# Sentiment Classification with LoRA  Project

## Pre-Check: 

Before running the project, verify the following technologies are installed and accessible:

## Environment
- Python 3.9+  
- Jupyter Notebook or JupyterLab  

## Core Libraries
- torch (PyTorch)  
- transformers (Hugging Face)  
- peft (Hugging Face PEFT for LoRA)  
- datasets (Hugging Face Datasets)  
- scikit-learn  
- numpy  

In [19]:
# Device Check
import torch
import transformers
import peft
import datasets
import sklearn
import numpy as np
import evaluate

print("=== Environment Pre-Check ===")
print(f"Torch version:          {torch.__version__}")
print(f"Transformers version:   {transformers.__version__}")
print(f"PEFT version:           {peft.__version__}")
print(f"Datasets version:       {datasets.__version__}")
print(f"Scikit-learn version:   {sklearn.__version__}")
print(f"NumPy version:          {np.__version__}")
print(f"Evaluate version: {evaluate.__version__}")

print("\n=== Device Check ===")
print(f"CUDA available: {torch.cuda.is_available()}")
print(f"Device in use:  {'cuda' if torch.cuda.is_available() else 'cpu'}")


=== Environment Pre-Check ===
Torch version:          2.9.1+cpu
Transformers version:   4.57.3
PEFT version:           0.18.0
Datasets version:       4.4.1
Scikit-learn version:   1.7.2
NumPy version:          2.3.5
Evaluate version: 0.4.6

=== Device Check ===
CUDA available: False
Device in use:  cpu


## 1. Dataset Preparation

In [20]:
from datasets import load_dataset, DatasetDict

# Load IMDb dataset
raw = load_dataset("imdb")

# Create validation split from train
splits = raw["train"].train_test_split(test_size=0.2, stratify_by_column="label", seed=42)
train_ds = splits["train"]
val_ds = splits["test"]
test_ds = raw["test"]

dataset = DatasetDict({"train": train_ds, "validation": val_ds, "test": test_ds})

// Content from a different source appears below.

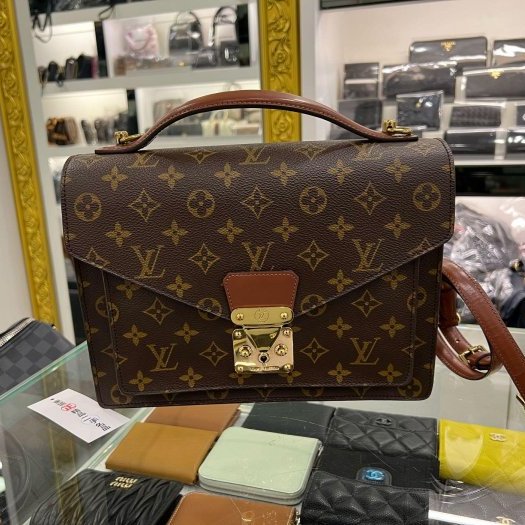 東區正精品㊣LV Vintage Monceau M51185 原花字紋公事包郵差包手提包斜背包兩用包 RZ6165-0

# ‚ö° For CPU debugging, shrink dataset
dataset_small = DatasetDict({
    "train": dataset["train"].select(range(500)),
    "validation": dataset["validation"].select(range(200)),
    "test": dataset["test"].select(range(100))
})
dataset = dataset_small


### Dataset Preparation
- Load IMDb dataset from Hugging Face.  
- Create a stratified validation split.  
- Shrink dataset for CPU debugging:  
  - Train: 500  
  - Validation: 200  
  - Test: 100  

## 2. Tokenization & Formatting

In [21]:
from transformers import AutoTokenizer

model_name = "t5-small"
tokenizer = AutoTokenizer.from_pretrained(model_name, legacy=False)

def preprocess_fn(examples):
    inputs = [f"review: {t}" for t in examples["text"]]
    labels_text = ["negative" if l == 0 else "positive" for l in examples["label"]]
    enc = tokenizer(inputs, max_length=128, truncation=True, padding="max_length")
    enc_targets = tokenizer(text_target=labels_text, max_length=5, truncation=True, padding="max_length")
    enc["labels"] = enc_targets["input_ids"]
    return enc

tokenized = dataset.map(preprocess_fn, batched=True, remove_columns=dataset["train"].column_names)
tokenized.set_format(type="torch", columns=["input_ids", "attention_mask", "labels"])


## Tokenization & Formatting
- Inputs: "review: <text>"
- Labels: "positive" / "negative"
   - Tokenized into IDs with truncation and padding.
   - Labels tokenized via text_target; max_length set appropriately.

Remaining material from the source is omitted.